L’ipotesi dell’origine dal laboratorio, all’inizio ritenuta un’eresia e ampiamente ostracizzata, è attualmente riconosciuta come un’ipotesi credibile. In sintesi, come documenta Richard Ebright, biologo molecolare statunitense, nella sua testimonianza orale depositata durante l’audizione al Senato americano, molteplici linee di evidenza forniscono le prove a supporto della sua valutazione sull’origine di laboratorio di SARS-CoV-2. In particolare, gli studi sull’inserimento di un sito di scissione della furina nella proteina Spike umana e il fatto che SARS-CoV-2 è l’unico tra gli oltre 800 virus SARS noti a possedere tale sito. Matematicamente, ciò, di per sé, implica che la probabilità di trovare un virus SARS naturale dotato di un sito di scissione della furina sia inferiore a 1 su 800. Ciò costituisce un caso estremamente forte – una “pistola fumante” – a favore dell’origine di laboratorio.

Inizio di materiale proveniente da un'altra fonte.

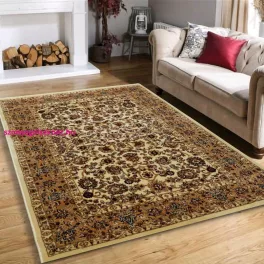 TOP! Den. Elit 3958 Krém 80x250cm szőnyeg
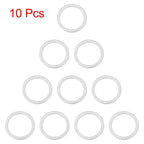 10pcs M16 Oil Drain Plug Gaskets for BMW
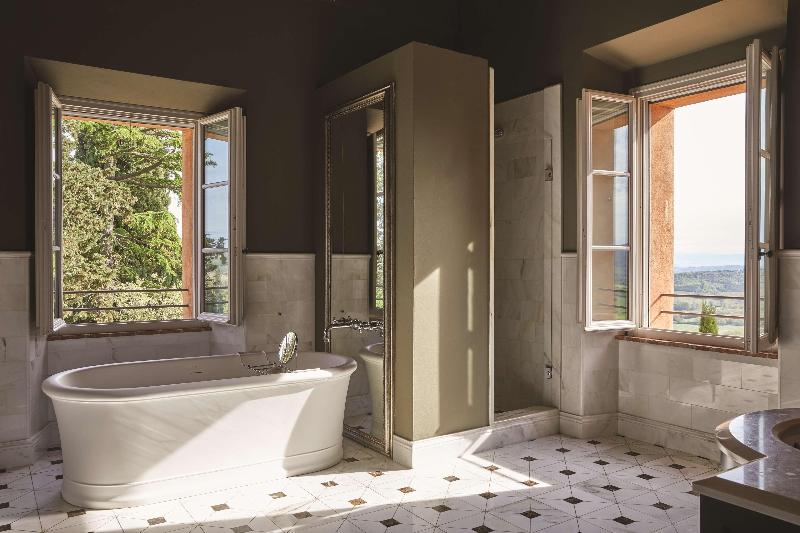 プレミアムジュニアスイート, Castello Di Casole, A Belmond Hotel, Tuscany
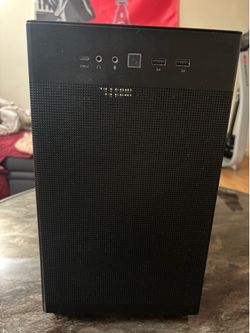 Gaming Pc RTX 5060 Ti 16gb Ryzen 7 9700X 32gb Ram Ddr5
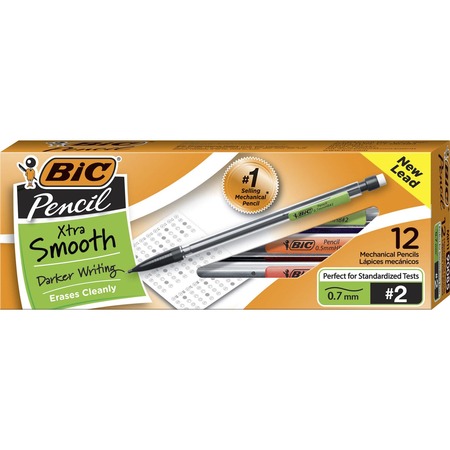 Wholesale BIC Refillable Mechanical Pencils: Discounts on BIC Mechanical Pencils BICMP11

Le Valutazioni del SAGO sulle Origini del SARS-CoV-2

A novembre 2021, l’OMS ha istituito il SAGO (Scientific Advisory Group for the Origins of Novel Pathogens), un gruppo di 27 scienziati internazionali con gli obiettivi di indagare le origini del SARS-CoV-2 e di altri patogeni emergenti, definire un quadro per tali indagini e valutare le prove scientifiche disponibili. Il SAGO ha pubblicato le sue prime scoperte e raccomandazioni il 9 giugno 2022. In un rapporto più recente, datato 27 giugno 2025 e intitolato “Independent assessment of the origins of SARS-CoV-2”, vengono esaminate le valutazioni precedenti basandosi su pubblicazioni scientifiche, rapporti di intelligence, presentazioni e discussioni tra esperti.

Le 4 ipotesi

Le quattro ipotesi principali esaminate sono:

  • Origine zoonotica naturale: il virus è passato dagli animali all’uomo, direttamente o tramite un ospite intermedio.
  • Incidente di laboratorio: il virus ha infettato gli esseri umani a seguito di esposizione durante ricerche sul campo o a causa di una violazione delle procedure di biosicurezza.
  • Introduzione tramite catena del freddo: il virus è arrivato nei mercati animali tramite prodotti congelati e ha infettato gli umani.
  • Manipolazione deliberata in laboratorio: il virus è stato creato in laboratorio e successivamente è fuoriuscito

Escludendo l’ipotesi 3, non supportata da prove solide, il rapporto si concentra sulle altre. Per quanto riguarda l’ipotesi 2 di un incidente di laboratorio, SAGO lamenta la collaborazione del governo cinese che non ha fornito all’OMS o al SAGO informazioni cruciali per una valutazione completa.

Ipotesi origine in laboratorio: non confermata né confutata

Nello specifico, mancano dati che chiariscano se le prime infezioni umane siano legate a un incidente di ricerca (inclusi studi su precursori genetici del SARS-CoV-2) o a una violazione della biosicurezza. Mancano anche i dati sanitari del personale e la documentazione sulle pratiche di biosicurezza dei laboratori di Wuhan. Pertanto, questa ipotesi non può essere né esclusa né provata in modo definitivo.

Secondo il report, le testimonianze citate precedentemente – alcune delle quali fanno riferimento a studi GOF presso il laboratorio di Whuan, spesso supportate da organizzazioni non governative come US Right To Know, non forniscono ulteriori dati scientifici o basati sull’intelligence e non sono state incluse nella versione finale del documento.

In conlusione

In conclusione, sebbene l’origine zoonotica sia l’ipotesi più accreditata dai dati scientifici attuali, le origini precise del SARS-CoV-2 rimangono indeterminate in attesa di ulteriori informazioni e dati scientifici. Permangono significative lacune nei dati che impediscono al SAGO di stabilire con certezza come il SARS-CoV-2 sia inizialmente entrato nella popolazione umana.